Once the training job has successfully completed, publish the model using the create_model function in the SageMaker SDK. The location of the S3 bucket that contains your model artifacts and and the registry path of the image that contains inference code are required to publish the model. Since the XGBoost algorithm is a built-in SageMaker algorithm, the image containing inference code is fully managed by AWS.

##################
## Create model ##
##################

region = boto3.Session().region_name
sm = boto3.Session().client('sagemaker')

# get XGBoost image
from sagemaker.amazon.amazon_estimator import get_image_uri
container = get_image_uri(boto3.Session().region_name, 'xgboost')

# specify desired model name and location of artifacts
model_name = 'm5-sharded-xgboost-2020-07-19-17-02-04'
model_url = 's3://abn-distro/m5_store_items/m5-sharded-xgboost-2020-07-19-17-02-04/output/model.tar.gz'

# create model
sharded_model_response = sm.create_model(
    ModelName=model_name,
    ExecutionRoleArn=role,
    PrimaryContainer={
        'Image': container,
        'ModelDataUrl': model_url
    }
)

Launch Batch Transform

Batch Transform is a service for generating predictions for many records at once, such as a single CSV file with many rows. This is akin to batch data processing. Once the model is published, use the create_transform_job function to launch a Batch Transform inference job. The results (predictions) are stored in S3.

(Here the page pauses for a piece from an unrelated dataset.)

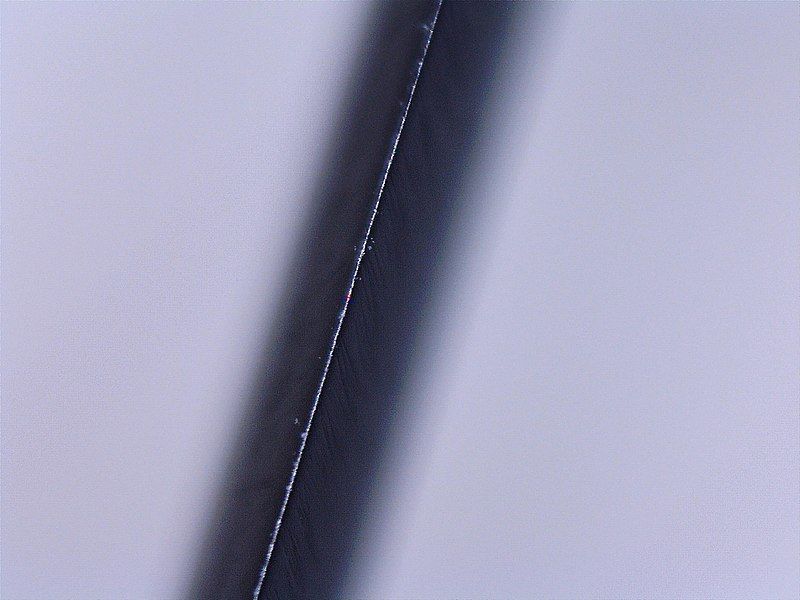 File:Crater knife edge.jpg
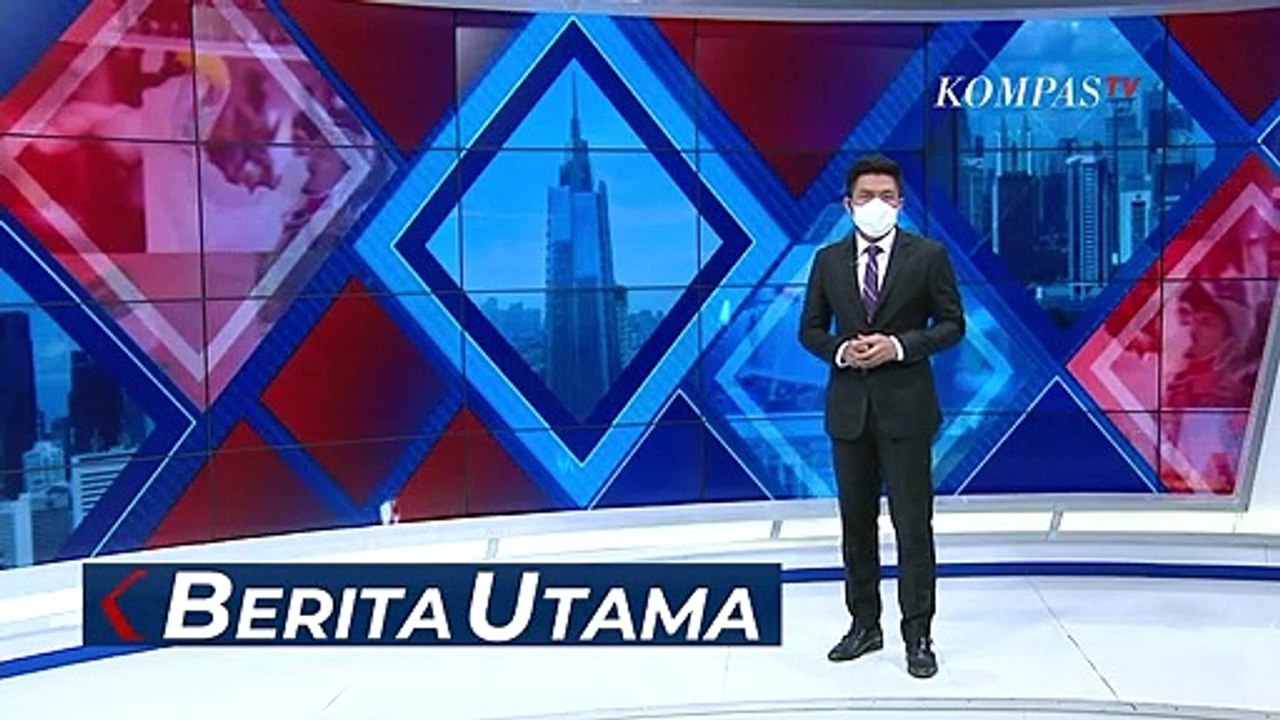 45 Tokoh Galang Dukungan untuk Petisi Tolak Pemindahan Ibu Kota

###############################
## Configure batch transform ##
###############################

# assign a name to job and specify model
batch_job_name = 'm5-sharded-xgboost-batch-transform'
model_name = 'm5-sharded-xgboost-2020-07-19-17-02-04'

# S3 location of input/output data
batch_input = 's3://path/to/inference/data/'
batch_output = 's3://path/for/predictions/'

# batch job request specs
batch_request = {
    "TransformJobName": batch_job_name,
    "ModelName": model_name,
    "BatchStrategy": "MultiRecord",
    "TransformOutput": {
        "S3OutputPath": batch_output
    },
    "TransformInput": {
        "DataSource": {
            "S3DataSource": {
                "S3DataType": "S3Prefix",
                "S3Uri": batch_input 
            }
        },
        "ContentType": "text/csv",
        "SplitType": "Line",
        "CompressionType": "None"
    },
    "TransformResources": {
            "InstanceType": "ml.m4.xlarge",
            "InstanceCount": 1
    }
}

################################
## Launch batch transform job ##
################################

sm.create_transform_job(**batch_request)
                            
while(True):
    response = sm.describe_transform_job(TransformJobName=batch_job_name)
    status = response['TransformJobStatus']
    if  status == 'Completed':
        print("Transform job ended with status: " + status)
        break
    if status == 'Failed':
        message = response['FailureReason']
        print('Transform failed with the following error: {}'.format(message))
        raise Exception('Transform job failed') 
    print("Transform job is still in status: " + status)    
    time.sleep(30) 

Conclusion

Using AWS SageMaker, distributed data storage and distributed training eliminates the challenges of dealing with data and computations that are too large for in-memory processing.